New Delhi: Former Union minister and senior Congress leader P. Chidambaram’s comments advocating more autonomy for the state of Jammu and Kashmir have created a furore with the ruling BJP launching a scathing attack on him even as the Congress distanced itself saying it was the senior leader’s “individual opinion”.

But this is far from the first time a prominent leader has advocated more autonomy to J&K. In fact, one of the foremost leaders who took such a position was the man who inspired generations of non-Congress leaders – Jayaprakash Narayan.

On many occasions, JP advocated more autonomy, none more so than in his letter to then-Prime Minister Indira Gandhi, soon after she took office in 1966. He came down heavily on the government for going back on the promises made to the people of Kashmir, and for mistreating the state’s popular leader, Sheikh Abdullah.

Then, at a conference on Kashmir in Delhi in October 1966, he once again advocated more autonomy. JP viewed Kashmir as a human problem, and strongly opposed the use of force to settle the dispute.

Before the 1965 war with Pakistan, he favoured the involvement of the neighbouring country in settling the Kashmir issue. But after the war, he drastically changed his position, and argued that there could be no future of Kashmir outside India.

He had written the same in the aforementioned letter to Indira Gandhi too.

“(a) No solution of Kashmir could ever be accepted by India, after the last war with Pakistan, that involved de-accession of the State, or any part of it, from the Union, and (b) an independent state in that part of the world could have little chance of survival in the face of Pakistan’s consuming hunger for the Valley of Kashmir and the emergence of the Chinese power in the region,” he wrote.

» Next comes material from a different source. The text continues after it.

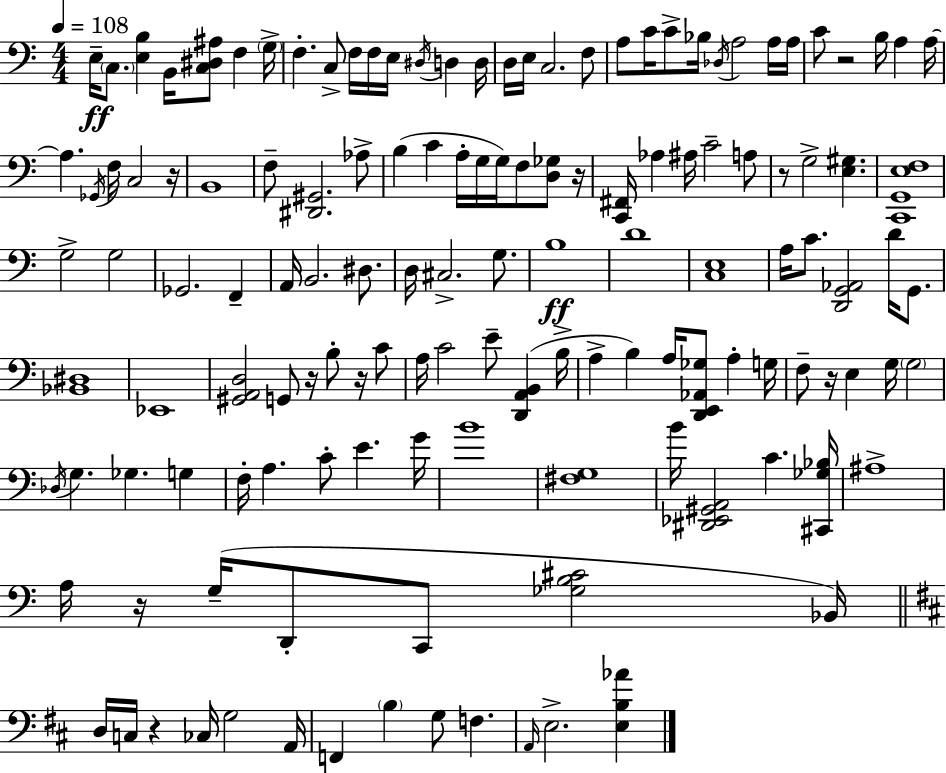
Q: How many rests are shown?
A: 9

He also lamented the gradual whittling down of the autonomy of the state. He strongly believed that if the Centre provided an assurance that autonomy would not be harmed, Sheikh Abdullah would agree to this solution.

He wrote in the letter: “Sheikh sahib had told Narayan (himself) and (Sarvepalli) Radhakrishnan that he would be prepared even to accept full internal autonomy for Kashmir, provided history were not allowed to repeat itself. By that he meant, provided the autonomy was not gradually whittled down and the Centre did not interfere in the state’s internal affairs.”